Ring Of Fire Solar Eclipse Sunday

This weekend, an annular eclipse of the Sun is visible from within a narrow corridor that traverses Earth's northern Hemisphere, according to NASA (Photo via Eclipse Predictions by Fred Espenak, NASA's GSFC)

This Sunday, residents of western United States and East Asia will get to experience an amazing sky show: A solar eclipse will occur leaving a ring of fire look in the sky.

This solar eclipse is not a total eclipse, but an “annular eclipse,” causing this ring-like effect in the sky because the moon is so far from Earth that it’s too small in the sky to cover the solar disk completely. When a full solar eclipse occurs, the moon lines up between the sun and the Earth and obscures the entire solar disk, according to the Associated Press.

At the height of the eclipse, it will block around 94 percent of the sun’s light, reported Space.com.

According to CBS News, while the annular solar eclipse will be visible for Asia, the Pacific region and some of the west coast of the United States.
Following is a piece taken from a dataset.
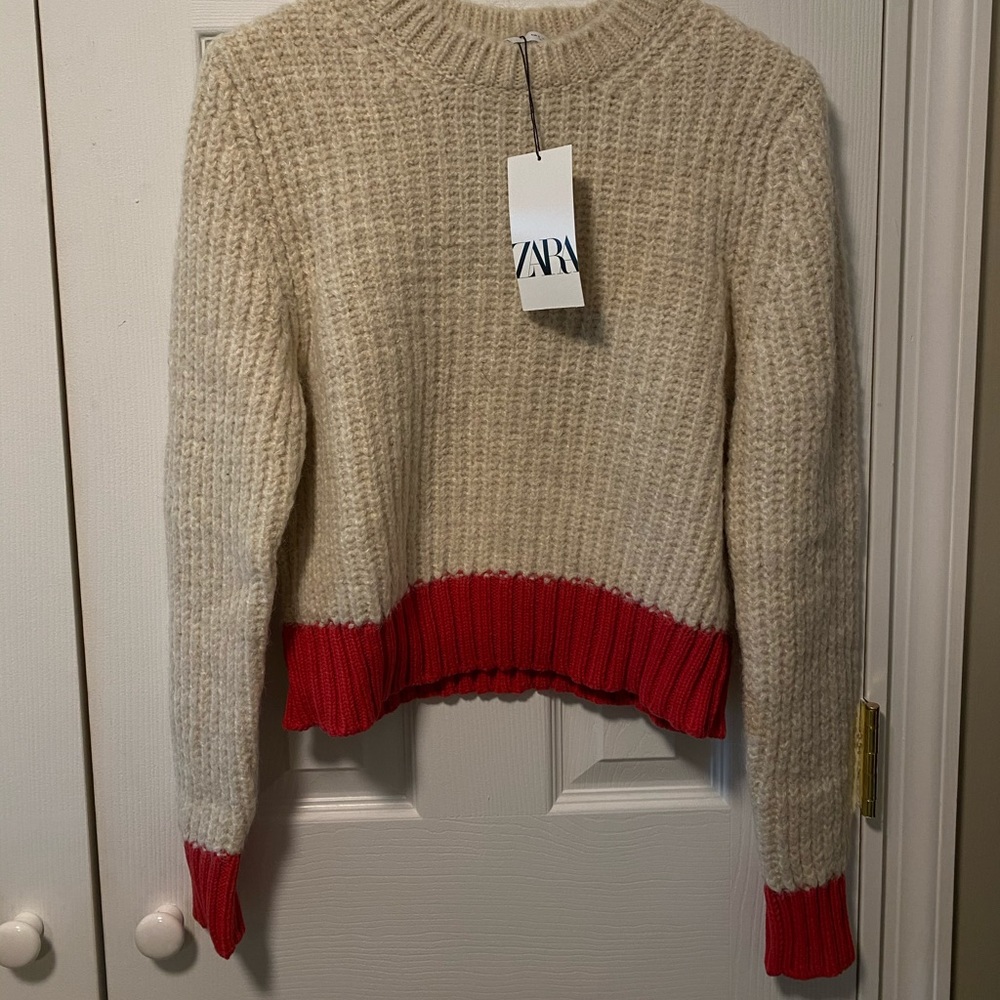 Red and cream sweater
Other parts of the United States and Canada will be able to catch a partial solar eclipse.

Unfortunately, the East Coast will miss the solar eclipse.
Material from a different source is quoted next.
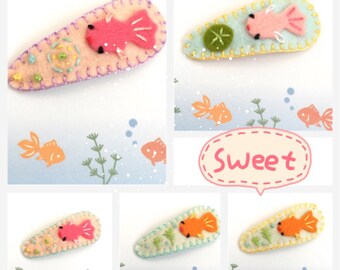 May include: A collection of handmade felt hair clips featuring goldfish designs. Each clip has a unique color scheme, including pink, orange, and yellow fish, with embroidered details and decorative stitching. The word "Sweet" is in a pink speech bubble.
If you’re planning on moving plans around to catch the event, check out NASA skywatching tables which are available via the NASA website. These provide information regarding the times and locations where each eclipse will be visible.
If you happen to catch this spectacular event in the sky, remember it could be dangerous. NASA warns eclipse viewers, “Never stare directly at the sun with your naked eye or through binoculars or a telescope without proper light filters. Serious eye damage can result.” For the safest viewing NASA advises you create a pinhole camera.